Introduction to web scraping: Resources

Key Points

Introduction: What is web scraping?
  • Humans are good at categorizing information, computers not so much.

  • Often, data on a web site is not properly structured, making its extraction difficult.

  • Web scraping is the process of automating the extraction of data from web sites.

Selecting content on a web page with XPath
  • XML and HTML are markup languages. They provide structure to documents.

  • XML and HTML documents are made out of nodes, which form a hierarchy.

  • The hierarchy of nodes inside a document is called the node tree.

  • Relationships between nodes are: parent, child, sibling.

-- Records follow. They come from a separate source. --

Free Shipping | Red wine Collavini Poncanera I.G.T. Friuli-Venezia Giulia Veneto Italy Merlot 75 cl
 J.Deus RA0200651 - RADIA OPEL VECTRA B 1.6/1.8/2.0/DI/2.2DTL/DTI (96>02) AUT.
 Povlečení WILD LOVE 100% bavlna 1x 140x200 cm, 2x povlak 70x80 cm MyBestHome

  • XPath queries are constructed as paths going up or down the node tree.

  • XPath queries can be run in the browser using the $x() function.

Manually scrape data using browser extensions
  • Data that is relatively well structured (in a table) is relatively easily to scrape.

  • More often than not, web scraping tools need to be told what to scrape.

  • XPath can be used to define what information to scrape, and how to structure it.

  • More advanced data cleaning operations are best done in a subsequent step.

Web scraping using Python and Scrapy
  • Scrapy is a Python framework that can be use to scrape content from the web.

  • A Scrapy project is a set of configuration files and pieces of code that tell Scrapy what to do.

  • In Scrapy, a “Spider” is the code that tells it what to do on a specific website.

  • A Scrapy project can have more than one spider but needs at least one.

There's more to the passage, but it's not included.